From 53f6cc75296bf04c5e48e427e0ceb495c57c76b5 Mon Sep 17 00:00:00 2001
From: bobrenjc93 <bobren@meta.com>
Date: Sun, 5 Oct 2025 23:02:00 -0700
Subject: [PATCH] [torchfuzz] make ops_fuzzer deterministic (#164694)

Pull Request resolved: https://github.com/pytorch/pytorch/pull/164694
Approved by: https://github.com/pianpwk
ghstack dependencies: #164432, #164434, #164514, #164646, #164647, #164649, #164687, #164688, #164693
---
 tools/experimental/torchfuzz/ops_fuzzer.py    |  5 +-
 .../torchfuzz/test_determinism.py             | 51 +++++++++++++++----
 2 files changed, 45 insertions(+), 11 deletions(-)
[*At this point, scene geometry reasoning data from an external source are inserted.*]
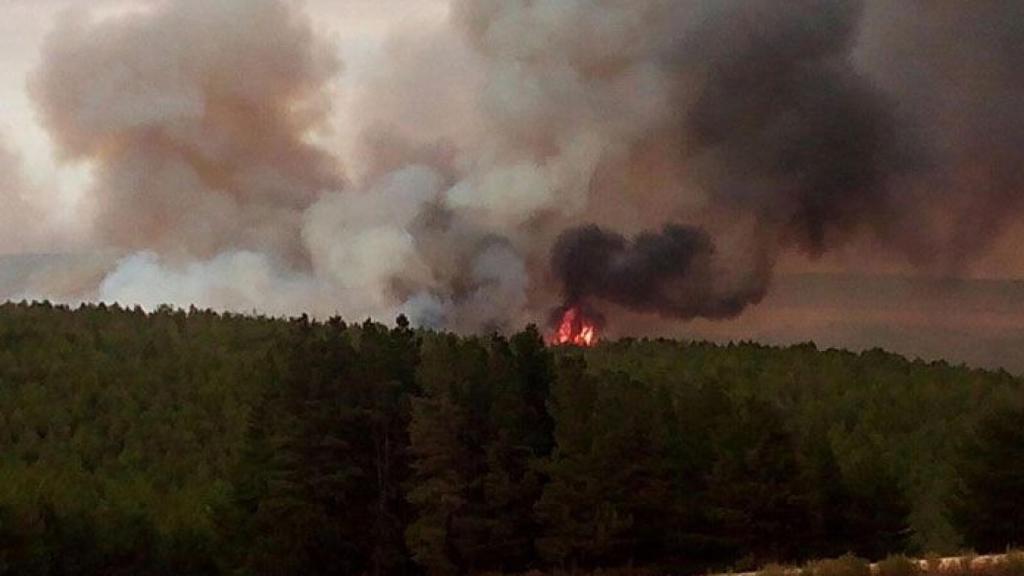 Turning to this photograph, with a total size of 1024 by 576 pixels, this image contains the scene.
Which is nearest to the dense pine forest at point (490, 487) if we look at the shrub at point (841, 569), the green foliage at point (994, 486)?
the green foliage at point (994, 486)

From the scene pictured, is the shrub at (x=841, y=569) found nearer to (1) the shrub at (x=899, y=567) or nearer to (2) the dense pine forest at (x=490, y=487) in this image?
(1) the shrub at (x=899, y=567)

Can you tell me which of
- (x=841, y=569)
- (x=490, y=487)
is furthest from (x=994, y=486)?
(x=841, y=569)

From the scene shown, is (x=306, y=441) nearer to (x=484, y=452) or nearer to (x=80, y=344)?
(x=484, y=452)

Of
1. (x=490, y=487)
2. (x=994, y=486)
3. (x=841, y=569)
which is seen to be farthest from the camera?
(x=994, y=486)

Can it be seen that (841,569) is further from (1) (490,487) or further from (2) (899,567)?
(1) (490,487)

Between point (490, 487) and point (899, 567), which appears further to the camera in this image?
point (490, 487)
diff --git a/tools/experimental/torchfuzz/ops_fuzzer.py b/tools/experimental/torchfuzz/ops_fuzzer.py
index 577fdfb69d57..3ff17bb5b559 100644
--- a/tools/experimental/torchfuzz/ops_fuzzer.py
+++ b/tools/experimental/torchfuzz/ops_fuzzer.py
@@ -294,11 +294,14 @@ def fuzz_op(
     available_operators = _get_template_filtered_operators(template, supported_ops)
 
     # Filter operators that can produce the target spec
+    # IMPORTANT: iterate in a deterministic order to avoid dict-order nondeterminism
     compatible_ops = []
-    for op_name, operator in available_operators.items():
+    for op_name in sorted(available_operators.keys()):
+        operator = available_operators[op_name]
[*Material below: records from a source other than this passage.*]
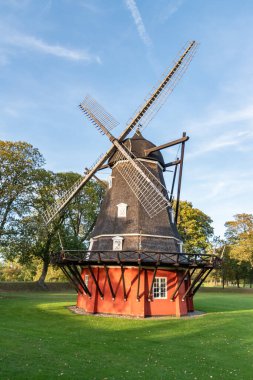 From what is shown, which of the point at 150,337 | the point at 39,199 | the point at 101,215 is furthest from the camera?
the point at 39,199

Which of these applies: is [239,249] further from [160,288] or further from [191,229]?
[160,288]

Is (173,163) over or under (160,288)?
over

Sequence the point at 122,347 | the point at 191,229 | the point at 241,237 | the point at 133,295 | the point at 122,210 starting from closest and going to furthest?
1. the point at 122,347
2. the point at 133,295
3. the point at 122,210
4. the point at 191,229
5. the point at 241,237

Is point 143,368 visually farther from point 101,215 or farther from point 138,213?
point 101,215

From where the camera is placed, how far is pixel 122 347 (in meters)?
12.1

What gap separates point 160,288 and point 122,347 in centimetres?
818

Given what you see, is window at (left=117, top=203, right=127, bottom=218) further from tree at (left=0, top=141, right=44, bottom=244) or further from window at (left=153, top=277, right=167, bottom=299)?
tree at (left=0, top=141, right=44, bottom=244)

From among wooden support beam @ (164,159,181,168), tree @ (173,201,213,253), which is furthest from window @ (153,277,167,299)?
tree @ (173,201,213,253)

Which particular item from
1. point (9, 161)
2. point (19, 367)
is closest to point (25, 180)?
point (9, 161)

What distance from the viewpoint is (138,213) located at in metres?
21.2

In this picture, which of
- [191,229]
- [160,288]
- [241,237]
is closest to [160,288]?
[160,288]

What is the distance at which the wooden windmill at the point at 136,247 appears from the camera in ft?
63.4

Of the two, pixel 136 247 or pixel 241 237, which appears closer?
pixel 136 247

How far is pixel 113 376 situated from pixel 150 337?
5.69 m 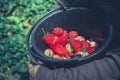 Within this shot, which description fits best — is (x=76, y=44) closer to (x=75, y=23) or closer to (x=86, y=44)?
(x=86, y=44)

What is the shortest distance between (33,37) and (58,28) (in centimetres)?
26

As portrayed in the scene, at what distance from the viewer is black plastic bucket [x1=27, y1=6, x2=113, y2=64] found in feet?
7.65

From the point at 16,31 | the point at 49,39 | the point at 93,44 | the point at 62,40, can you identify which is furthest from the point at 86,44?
the point at 16,31

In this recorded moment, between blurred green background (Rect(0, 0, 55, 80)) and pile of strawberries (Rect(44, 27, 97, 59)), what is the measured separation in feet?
1.76

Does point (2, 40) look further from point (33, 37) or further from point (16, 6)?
point (33, 37)

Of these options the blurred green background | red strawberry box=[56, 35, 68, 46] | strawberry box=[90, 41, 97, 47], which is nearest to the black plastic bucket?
strawberry box=[90, 41, 97, 47]

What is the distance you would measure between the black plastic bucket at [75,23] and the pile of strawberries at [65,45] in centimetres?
6

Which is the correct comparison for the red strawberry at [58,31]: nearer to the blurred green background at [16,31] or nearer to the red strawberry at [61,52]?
the red strawberry at [61,52]

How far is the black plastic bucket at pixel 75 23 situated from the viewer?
2.33 metres

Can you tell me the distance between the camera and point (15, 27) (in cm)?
316

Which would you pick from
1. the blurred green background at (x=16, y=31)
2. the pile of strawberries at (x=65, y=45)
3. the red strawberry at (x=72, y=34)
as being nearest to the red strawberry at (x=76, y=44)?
the pile of strawberries at (x=65, y=45)

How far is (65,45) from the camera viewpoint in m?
2.44

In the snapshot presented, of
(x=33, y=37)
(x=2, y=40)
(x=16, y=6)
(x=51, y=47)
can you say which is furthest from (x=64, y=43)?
(x=16, y=6)

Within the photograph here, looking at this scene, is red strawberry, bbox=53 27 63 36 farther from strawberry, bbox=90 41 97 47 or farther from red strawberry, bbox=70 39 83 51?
strawberry, bbox=90 41 97 47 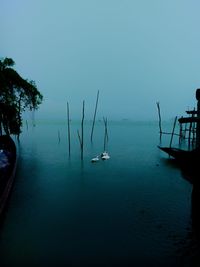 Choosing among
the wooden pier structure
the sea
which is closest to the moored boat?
the sea

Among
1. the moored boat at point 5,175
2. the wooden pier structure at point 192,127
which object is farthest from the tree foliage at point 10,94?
the wooden pier structure at point 192,127

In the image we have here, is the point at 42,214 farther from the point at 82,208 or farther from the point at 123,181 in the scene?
the point at 123,181

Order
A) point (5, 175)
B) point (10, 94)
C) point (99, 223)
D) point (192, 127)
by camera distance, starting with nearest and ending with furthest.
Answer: point (99, 223) → point (5, 175) → point (10, 94) → point (192, 127)

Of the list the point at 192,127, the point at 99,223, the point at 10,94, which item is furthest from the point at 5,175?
the point at 192,127

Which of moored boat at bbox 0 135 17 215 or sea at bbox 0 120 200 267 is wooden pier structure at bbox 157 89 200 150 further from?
moored boat at bbox 0 135 17 215

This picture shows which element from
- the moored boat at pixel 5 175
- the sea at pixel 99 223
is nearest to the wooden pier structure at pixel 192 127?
the sea at pixel 99 223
         if operator.can_produce(target_spec):
             compatible_ops.append((op_name, operator))
 
+    # Shuffle with seeded RNG (caller seeds random), but from a deterministic base order
     random.shuffle(compatible_ops)
 
     if not compatible_ops:
diff --git a/tools/experimental/torchfuzz/test_determinism.py b/tools/experimental/torchfuzz/test_determinism.py
index 361e454df42d..7c621d2e0cf2 100644
--- a/tools/experimental/torchfuzz/test_determinism.py
+++ b/tools/experimental/torchfuzz/test_determinism.py
@@ -8,7 +8,7 @@ from pathlib import Path
 
 def run_fuzzer_with_seed(seed):
     """Run the fuzzer with a specific seed and return the generated code."""
-    cmd = [sys.executable, "fuzzer.py", "--seed", str(seed)]
+    cmd = [sys.executable, "fuzzer.py", "--seed", str(seed), "--template", "unbacked"]
 
     # Clear the output directory first
     torchfuzz_dir = Path("/tmp/torchfuzz")
@@ -20,26 +20,57 @@ def run_fuzzer_with_seed(seed):
         cmd, capture_output=True, text=True, cwd=Path(__file__).parent
     )
 
+    # Always attempt to read the generated file even if execution failed.
     if result.returncode != 0:
         print(f"Fuzzer failed with return code {result.returncode}")
         print(f"stdout: {result.stdout}")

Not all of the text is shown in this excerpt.